Dataset extract below:
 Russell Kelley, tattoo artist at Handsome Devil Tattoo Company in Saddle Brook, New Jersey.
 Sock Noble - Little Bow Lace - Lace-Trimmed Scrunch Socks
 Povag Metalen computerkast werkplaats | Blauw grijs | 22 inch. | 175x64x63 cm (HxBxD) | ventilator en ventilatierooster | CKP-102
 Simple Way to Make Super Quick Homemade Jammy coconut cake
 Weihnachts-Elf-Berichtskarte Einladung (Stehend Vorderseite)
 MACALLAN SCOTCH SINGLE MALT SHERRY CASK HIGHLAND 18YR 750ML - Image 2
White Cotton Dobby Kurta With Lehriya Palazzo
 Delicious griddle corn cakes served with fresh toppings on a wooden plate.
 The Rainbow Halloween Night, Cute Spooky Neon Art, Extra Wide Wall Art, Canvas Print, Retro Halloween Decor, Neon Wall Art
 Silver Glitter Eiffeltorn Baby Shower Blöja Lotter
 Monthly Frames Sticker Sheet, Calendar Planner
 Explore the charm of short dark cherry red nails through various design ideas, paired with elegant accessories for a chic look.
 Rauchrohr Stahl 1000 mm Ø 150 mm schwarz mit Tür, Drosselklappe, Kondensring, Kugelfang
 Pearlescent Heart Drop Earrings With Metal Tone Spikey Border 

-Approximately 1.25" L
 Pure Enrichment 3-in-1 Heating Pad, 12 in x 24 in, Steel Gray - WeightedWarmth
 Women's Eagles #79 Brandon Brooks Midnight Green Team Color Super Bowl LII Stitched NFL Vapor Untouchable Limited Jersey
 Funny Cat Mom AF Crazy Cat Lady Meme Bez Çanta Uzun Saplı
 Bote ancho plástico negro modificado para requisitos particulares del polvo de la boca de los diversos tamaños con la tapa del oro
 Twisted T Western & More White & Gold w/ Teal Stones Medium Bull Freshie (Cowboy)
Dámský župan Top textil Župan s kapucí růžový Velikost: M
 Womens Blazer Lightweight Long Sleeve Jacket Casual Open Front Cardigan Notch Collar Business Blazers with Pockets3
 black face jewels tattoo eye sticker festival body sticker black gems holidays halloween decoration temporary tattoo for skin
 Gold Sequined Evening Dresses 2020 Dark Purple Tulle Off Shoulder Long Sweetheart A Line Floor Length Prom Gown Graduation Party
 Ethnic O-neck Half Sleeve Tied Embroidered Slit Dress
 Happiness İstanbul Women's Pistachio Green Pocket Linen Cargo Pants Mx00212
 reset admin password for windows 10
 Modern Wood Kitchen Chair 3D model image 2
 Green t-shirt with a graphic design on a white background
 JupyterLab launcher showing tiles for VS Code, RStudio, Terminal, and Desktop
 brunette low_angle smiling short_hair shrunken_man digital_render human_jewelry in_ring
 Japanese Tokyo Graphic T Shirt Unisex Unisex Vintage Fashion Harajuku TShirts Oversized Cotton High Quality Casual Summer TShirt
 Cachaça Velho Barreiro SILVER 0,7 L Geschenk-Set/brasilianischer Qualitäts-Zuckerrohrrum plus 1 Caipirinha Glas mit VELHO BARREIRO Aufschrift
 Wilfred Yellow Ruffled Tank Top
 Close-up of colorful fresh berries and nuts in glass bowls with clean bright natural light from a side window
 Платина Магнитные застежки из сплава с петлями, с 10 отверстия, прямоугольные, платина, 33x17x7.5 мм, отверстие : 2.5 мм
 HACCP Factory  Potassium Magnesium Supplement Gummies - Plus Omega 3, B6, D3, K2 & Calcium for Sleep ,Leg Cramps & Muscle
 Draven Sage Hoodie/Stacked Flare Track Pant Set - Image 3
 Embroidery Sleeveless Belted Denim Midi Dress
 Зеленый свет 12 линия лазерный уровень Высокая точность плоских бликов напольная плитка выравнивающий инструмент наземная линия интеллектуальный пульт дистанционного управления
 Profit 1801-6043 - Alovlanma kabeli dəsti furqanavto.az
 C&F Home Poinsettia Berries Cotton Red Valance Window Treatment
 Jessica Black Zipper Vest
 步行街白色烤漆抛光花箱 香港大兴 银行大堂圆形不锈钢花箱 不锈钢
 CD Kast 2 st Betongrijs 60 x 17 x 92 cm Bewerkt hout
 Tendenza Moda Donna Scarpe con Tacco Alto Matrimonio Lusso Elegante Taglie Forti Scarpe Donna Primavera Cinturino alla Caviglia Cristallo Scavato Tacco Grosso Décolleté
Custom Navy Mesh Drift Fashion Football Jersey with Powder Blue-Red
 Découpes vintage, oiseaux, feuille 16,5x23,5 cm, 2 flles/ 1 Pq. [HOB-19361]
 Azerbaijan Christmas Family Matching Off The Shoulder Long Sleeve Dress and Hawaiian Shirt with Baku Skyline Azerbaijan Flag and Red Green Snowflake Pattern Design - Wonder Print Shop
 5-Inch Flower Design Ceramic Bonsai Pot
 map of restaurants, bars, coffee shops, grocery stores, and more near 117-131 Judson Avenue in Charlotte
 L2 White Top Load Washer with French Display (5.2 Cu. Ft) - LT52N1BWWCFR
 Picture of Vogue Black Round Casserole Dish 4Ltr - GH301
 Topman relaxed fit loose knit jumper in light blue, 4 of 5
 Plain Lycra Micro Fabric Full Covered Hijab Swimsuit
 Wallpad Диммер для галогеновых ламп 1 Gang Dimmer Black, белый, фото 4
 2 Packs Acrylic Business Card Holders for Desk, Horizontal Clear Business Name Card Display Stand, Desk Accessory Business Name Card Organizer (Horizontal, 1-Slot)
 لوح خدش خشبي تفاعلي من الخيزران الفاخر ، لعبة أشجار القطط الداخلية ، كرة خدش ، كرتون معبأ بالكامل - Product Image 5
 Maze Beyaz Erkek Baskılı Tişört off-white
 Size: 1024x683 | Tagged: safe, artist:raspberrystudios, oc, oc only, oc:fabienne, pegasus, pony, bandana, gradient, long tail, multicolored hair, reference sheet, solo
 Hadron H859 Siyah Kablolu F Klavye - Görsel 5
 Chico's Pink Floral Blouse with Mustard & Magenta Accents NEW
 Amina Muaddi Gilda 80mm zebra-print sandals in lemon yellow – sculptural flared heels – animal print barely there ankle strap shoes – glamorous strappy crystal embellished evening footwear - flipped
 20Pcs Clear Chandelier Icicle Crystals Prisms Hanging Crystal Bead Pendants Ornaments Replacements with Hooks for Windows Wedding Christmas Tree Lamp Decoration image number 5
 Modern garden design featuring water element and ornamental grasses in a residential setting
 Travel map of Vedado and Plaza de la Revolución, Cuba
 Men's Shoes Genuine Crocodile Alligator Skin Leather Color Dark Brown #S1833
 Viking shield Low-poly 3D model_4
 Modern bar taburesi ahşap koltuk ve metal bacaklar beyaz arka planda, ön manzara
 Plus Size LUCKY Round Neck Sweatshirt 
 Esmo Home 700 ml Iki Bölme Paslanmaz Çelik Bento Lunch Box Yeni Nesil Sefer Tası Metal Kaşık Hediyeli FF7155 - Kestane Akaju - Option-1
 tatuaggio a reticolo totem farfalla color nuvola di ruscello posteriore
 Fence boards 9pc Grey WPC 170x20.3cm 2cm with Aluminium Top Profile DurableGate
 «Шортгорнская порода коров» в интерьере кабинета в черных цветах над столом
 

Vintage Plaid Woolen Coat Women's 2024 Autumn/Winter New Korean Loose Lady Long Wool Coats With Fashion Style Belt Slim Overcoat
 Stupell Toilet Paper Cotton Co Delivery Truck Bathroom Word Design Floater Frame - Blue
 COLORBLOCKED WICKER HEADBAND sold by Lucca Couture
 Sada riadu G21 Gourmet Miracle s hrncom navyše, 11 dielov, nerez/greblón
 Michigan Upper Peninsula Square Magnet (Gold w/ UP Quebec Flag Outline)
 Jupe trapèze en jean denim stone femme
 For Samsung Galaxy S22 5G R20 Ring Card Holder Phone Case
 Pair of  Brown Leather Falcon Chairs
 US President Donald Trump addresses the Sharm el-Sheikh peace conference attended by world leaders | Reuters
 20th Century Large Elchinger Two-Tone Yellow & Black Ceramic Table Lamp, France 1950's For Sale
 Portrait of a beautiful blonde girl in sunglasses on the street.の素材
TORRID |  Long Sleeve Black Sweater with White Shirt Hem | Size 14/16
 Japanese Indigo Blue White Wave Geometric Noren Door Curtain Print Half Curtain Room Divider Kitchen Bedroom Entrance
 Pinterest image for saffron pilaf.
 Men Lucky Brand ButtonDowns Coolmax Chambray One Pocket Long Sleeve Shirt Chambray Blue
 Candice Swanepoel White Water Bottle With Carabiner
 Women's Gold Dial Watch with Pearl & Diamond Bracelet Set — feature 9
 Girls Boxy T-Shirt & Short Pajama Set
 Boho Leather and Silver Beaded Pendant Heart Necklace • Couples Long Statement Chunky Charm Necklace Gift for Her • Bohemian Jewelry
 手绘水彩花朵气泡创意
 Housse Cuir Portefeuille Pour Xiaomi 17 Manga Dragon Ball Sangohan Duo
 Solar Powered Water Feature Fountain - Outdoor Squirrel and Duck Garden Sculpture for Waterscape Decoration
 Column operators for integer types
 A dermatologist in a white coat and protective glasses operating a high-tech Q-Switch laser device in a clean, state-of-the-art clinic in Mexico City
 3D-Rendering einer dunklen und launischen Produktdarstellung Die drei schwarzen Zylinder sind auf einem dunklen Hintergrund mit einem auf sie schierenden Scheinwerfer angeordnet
End of Dataset extract.
_Your instructions_
The reply should consist solely of the lines above from the one that has "Esmo Home 700" through the one that has "Portrait of a", reproduced exactly.

_Answer space_
 Esmo Home 700 ml Iki Bölme Paslanmaz Çelik Bento Lunch Box Yeni Nesil Sefer Tası Metal Kaşık Hediyeli FF7155 - Kestane Akaju - Option-1
 tatuaggio a reticolo totem farfalla color nuvola di ruscello posteriore
 Fence boards 9pc Grey WPC 170x20.3cm 2cm with Aluminium Top Profile DurableGate
 «Шортгорнская порода коров» в интерьере кабинета в черных цветах над столом
 

Vintage Plaid Woolen Coat Women's 2024 Autumn/Winter New Korean Loose Lady Long Wool Coats With Fashion Style Belt Slim Overcoat
 Stupell Toilet Paper Cotton Co Delivery Truck Bathroom Word Design Floater Frame - Blue
 COLORBLOCKED WICKER HEADBAND sold by Lucca Couture
 Sada riadu G21 Gourmet Miracle s hrncom navyše, 11 dielov, nerez/greblón
 Michigan Upper Peninsula Square Magnet (Gold w/ UP Quebec Flag Outline)
 Jupe trapèze en jean denim stone femme
 For Samsung Galaxy S22 5G R20 Ring Card Holder Phone Case
 Pair of  Brown Leather Falcon Chairs
 US President Donald Trump addresses the Sharm el-Sheikh peace conference attended by world leaders | Reuters
 20th Century Large Elchinger Two-Tone Yellow & Black Ceramic Table Lamp, France 1950's For Sale
 Portrait of a beautiful blonde girl in sunglasses on the street.の素材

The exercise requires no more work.